Whereupon I spoke in this fashion: ''How about porridge, toast, two fried eggs slightly over, and a slice of ham with home-fried potatoes?''
So we were ready for beddie-bye, well fed but no supper, and I wondered a little what we'd have for dinner in the morning.
Before we left the dining room, four people came in, laughing and jollying, and speaking French. They knew no English. When the young man tried to tell them the supper hour was over, they shook their heads. They were two couples, and as I tried to explain to them what the young man was saying, I got the news that the young couple was a new bride and her husband of a day, and the older two were her father and mother.

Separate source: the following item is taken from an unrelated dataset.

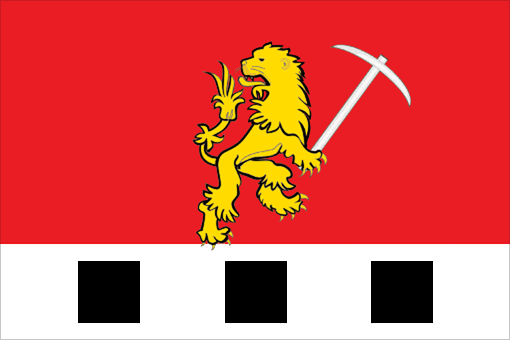 Flag of Ugleuralsky (Perm krai).png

The happy pair was driving to British Columbia in their new automobile, and the bride's parents had come along for the ride. They were from the islands of the Madeleine. Coming off the boat at Sidney, they had picked up their new automobile and had driven this far, and now they were hungry. Learning they could get no supper, they were dismayed; I didn't have an easy time telling them not to fret and that they could have breakfast if they liked.

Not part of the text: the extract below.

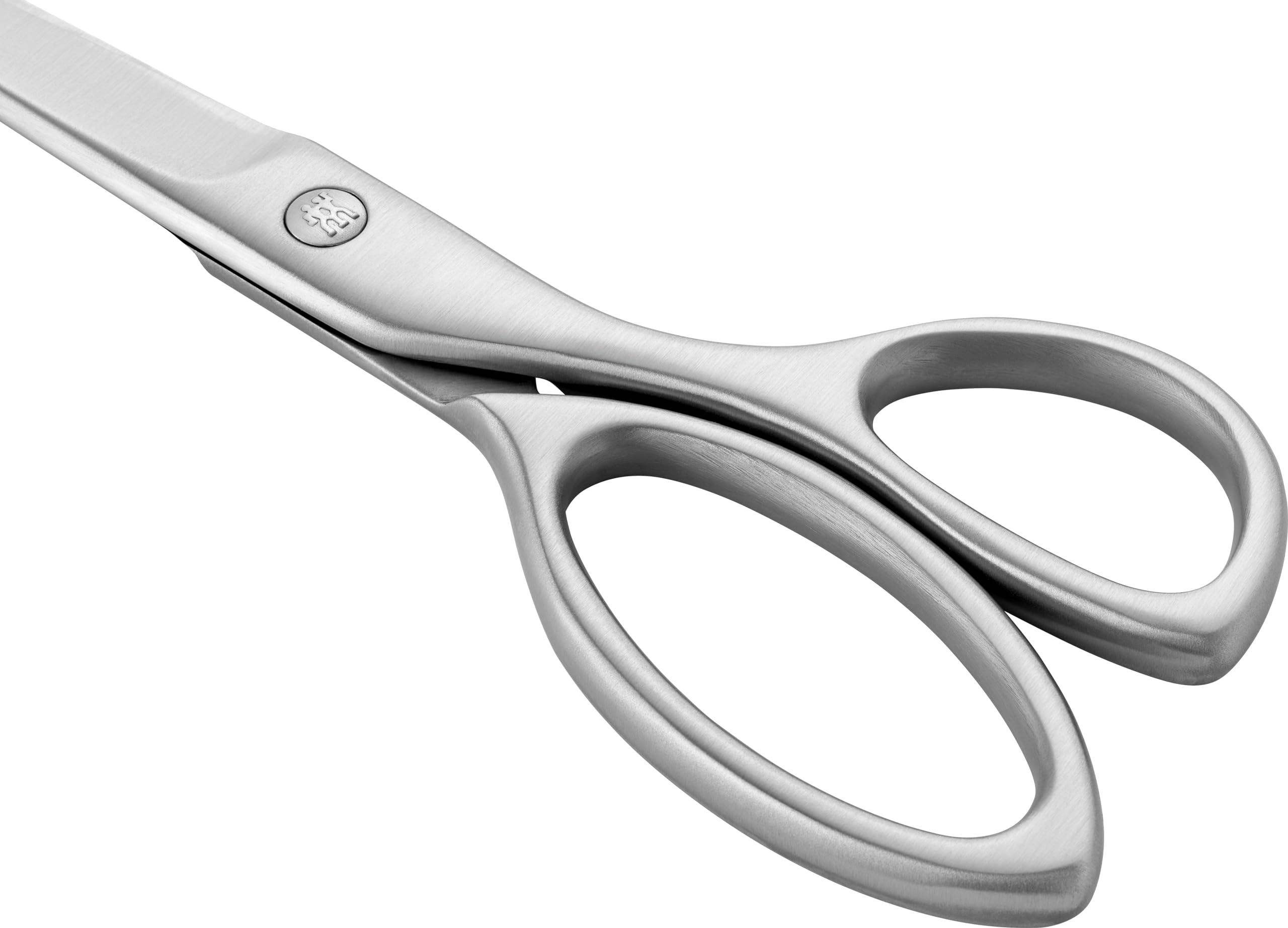 Zwilling Twin Select forbici cucina 18 cm acciaio inox opaco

There are a few places I have wished to visit and haven't. And the isles of the Madeleine would be on the list. They're a haven for displaced Nova Scotian Acadians in ''The Grand Dispersement''; the descendants of those people have lived in detachment under the sign of the fishhook, being as Canadian as the Hudson's Bay Company but disconnected and aloof. Politically, the islands are a part of the Gaspe, but socially and economically they have Nova Scotia, Prince Edward Island, Newfoundland, Anticosti, and perhaps New Brunswick as distant neighbors.
Jacques Cartier found the 16 island in the early 1500s and named them Les Ramees. The isles number 16, a historian tells us, because an early owner of the group was one Briton, and his wife Madeleine had 16 children. None of the islands is named for a child, because they were named earlier by Cartier.
I own a book called ''The St. Lawrence River and Her Islands,'' written by Damase Potvin in French and published in Quebec City in 1945, which tells enough about the islands to cause me to want to see them.
The next morning we came to have our real breakfast, and the folks from the Madeleine Islands had already eaten and were waiting to say adieu. The father was wearing a flashy cravat with a gold stickpin in the form of a fishhook. He said he hoped we would come next summer to visit Les Isles de la Madeleine at Havre Aubert, where he had his business, and his new son-in-law would be the manager. They had a large house and plenty of room for us.